A growing number of surgical procedures are being performed with minimally invasive techniques. Surgeons make an incision just a few centimeters long and then use long, thin instruments and needles to reach the target tissue, with their movements guided by imaging technology. However, even the most careful surgeons often have to adjust the needle’s trajectory as they go along, pulling it out and repositioning it. In some cases, the tissue can be extremely hard to reach because it’s tucked away behind an organ, for example. Such probing with a stiff needle can make surgeries last longer and increase the risk of trauma or infection. Now, researchers have developed a new kind of flexible needle (ARC) that addresses this problem. A button on the needle’s handle allows surgeons to correct the needle’s trajectory on the fly, enabling them to reach diseased tissue more quickly and, if needed, explore nearby tissue without pulling the needle out.

The innovative surgical needle developed by engineers from EPFL (Lausanne, Switzerland and the University of Strasbourg (Strasbourg, France) is intended for use in image-guided surgery, and offers greater precision in surgeon’s movements as well as reduces the risk for patients. The needle has the stiffness to make it easier for surgeons to move the instrument exactly as they want along with a tip that surgeons can curve as needed. The entire system is mechanical. When a surgeon slides the button, the inner tube translates and releases one, two or three tiny segments that move in the direction indicated by the bevel of the needle and therefore by the orientation of the surgeon's hand. For now, only the first few centimeters of the tip are flexible, but the system could be modified to extend that.

Using a high-precision process, the engineers were able to make customized needles with diameters of 0.9-4.5 mm so as to cover a wide range of surgical applications. The researchers tested two different types of materials: stainless steel and glass. The stainless steel version is the most advanced because "glass technology is emerging and still requires development. Nevertheless needles are intended for soft-tissue surgery, meaning they won’t have to withstand shocks,” according to the researchers. The flexible needles are almost ready for preclinical trials, and the engineers are actively seeking companies to partner with. The researchers plan to eventually connect high-precision systems to their device in order to give doctors smarter medical equipment.

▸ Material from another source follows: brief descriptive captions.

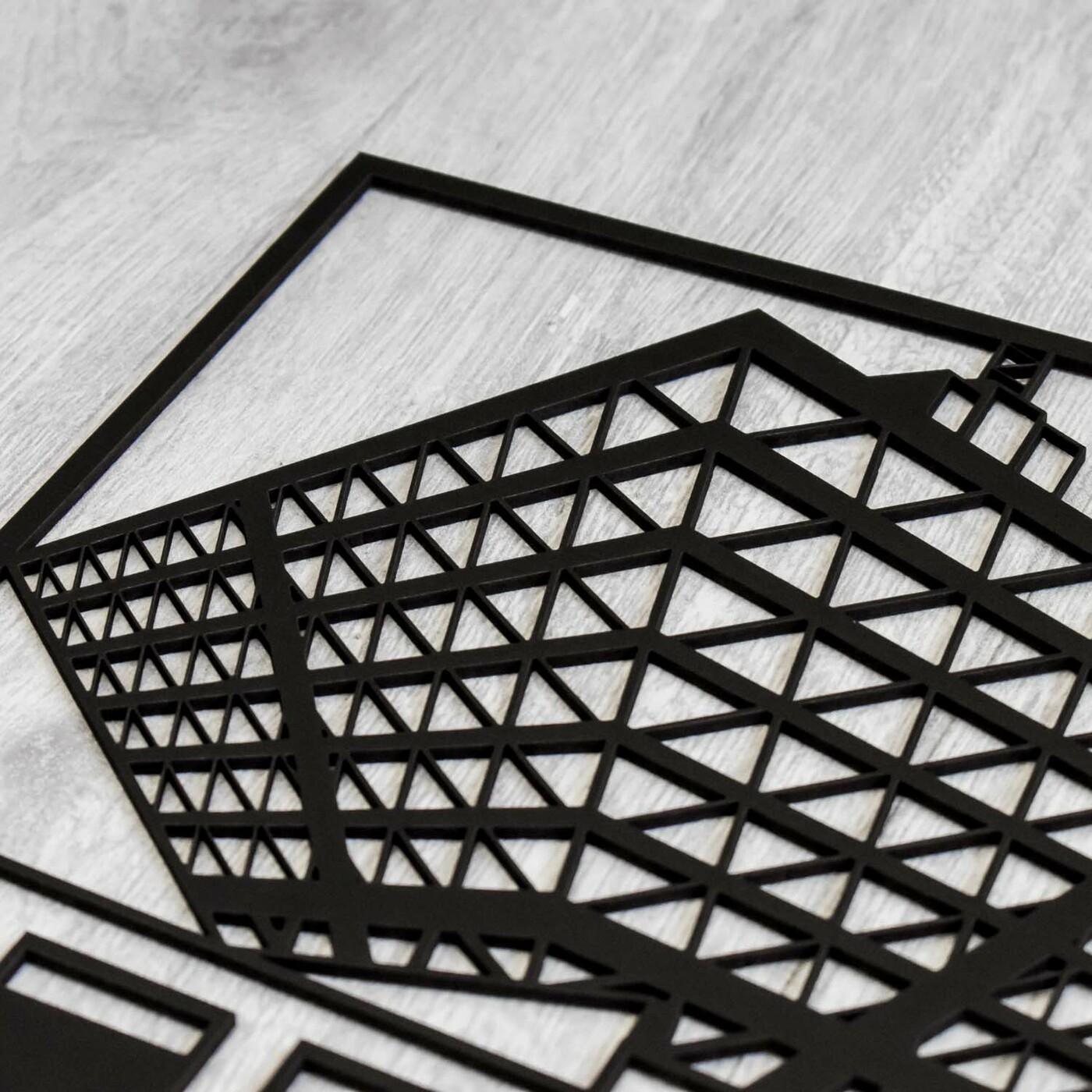 Drevený obraz - Budova Slovenského rozhlasu | Čierna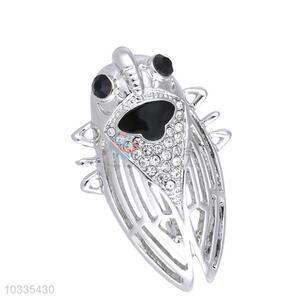 Competitive price good quality cicada brooch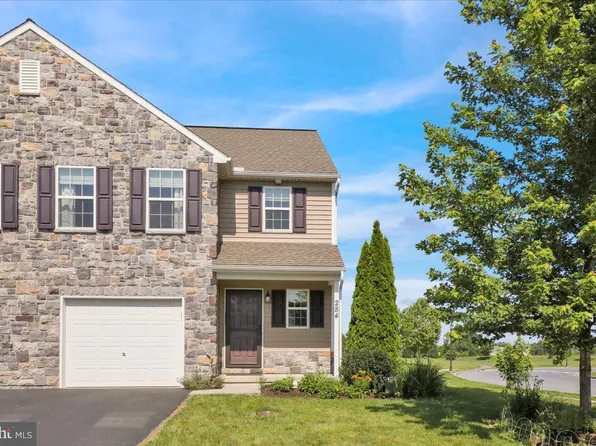 284 S Village Cir, Palmyra, PA 17078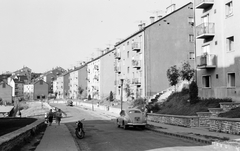 Magyarország, Salgótarján, Szerpentin út, balra a Papberek utca., 1966, Építésügyi Dokumentációs és Információs Központ, VÁTI, motorkerékpár, lakótelep, utcakép, életkép, lámpaoszlop, lengyel gyártmány, FSO-márka, rendszám, FSO Warszawa, Fortepan #30928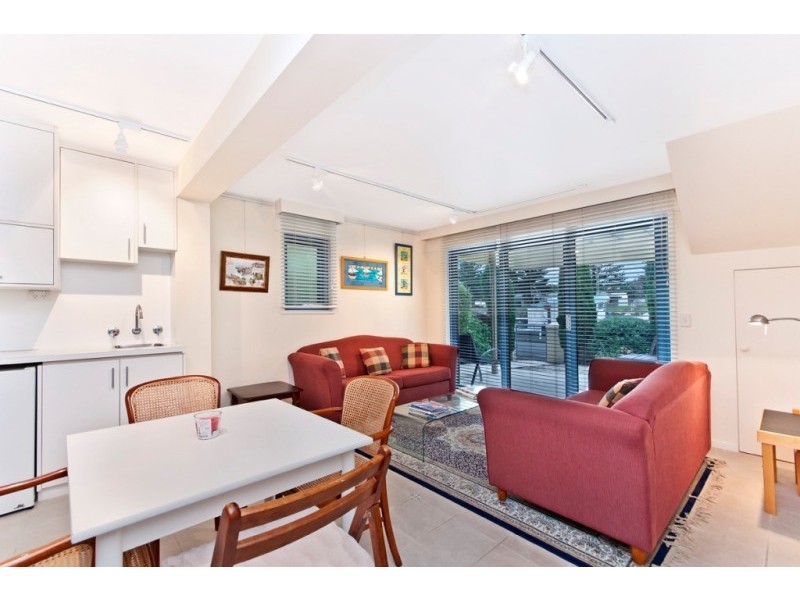 17 Gipps Street, Port Fairy VIC 3284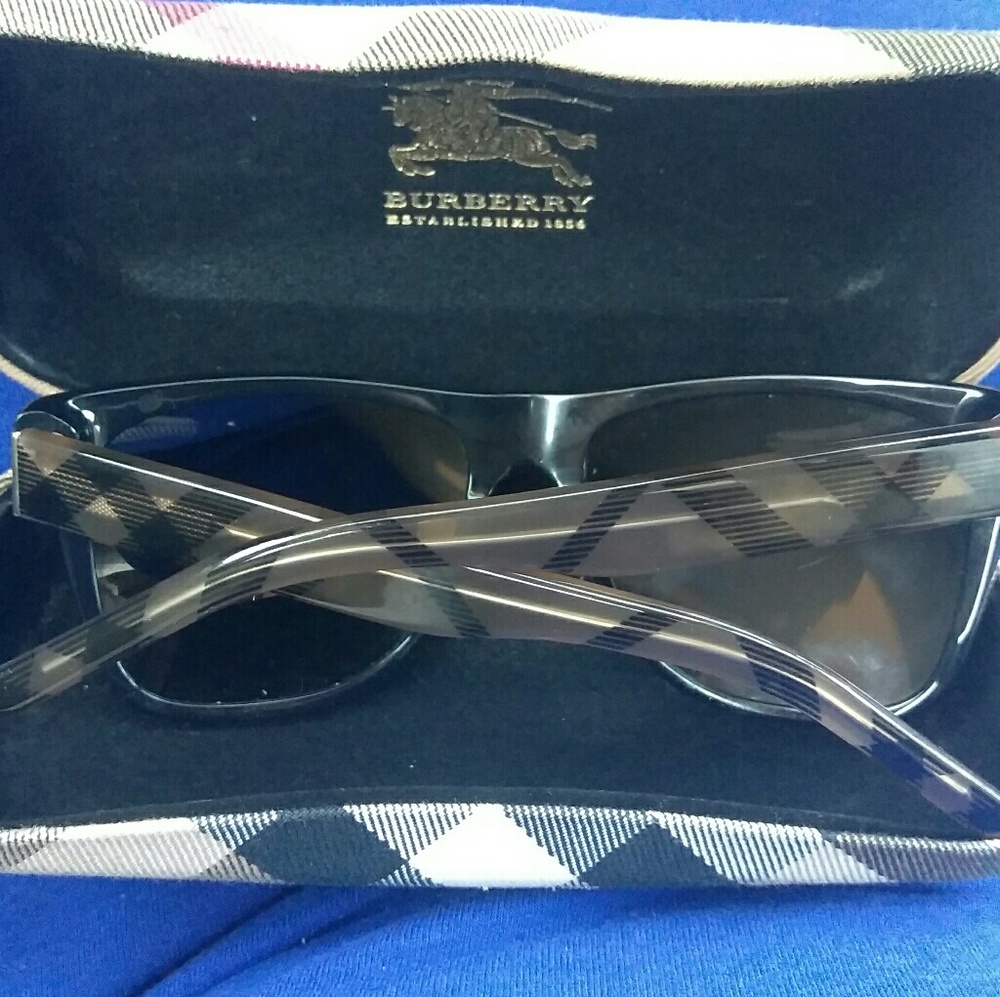 Burberry Sunglasses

“We performed resistance tests in silicone which showed that the kind of glass we selected offers numerous benefits: it’s biocompatible, hard to deform, can be used with MRI machines, and doesn’t create reflections that could interfere with images of the area being operated on,” said Charles Baur, an engineer at EPFL’s Instant-Lab (School of Engineering). "It is possible to add additional functions to ensure specific surgical procedures such as electrostimulation, administration of medication on demand or biopsies, to name a few."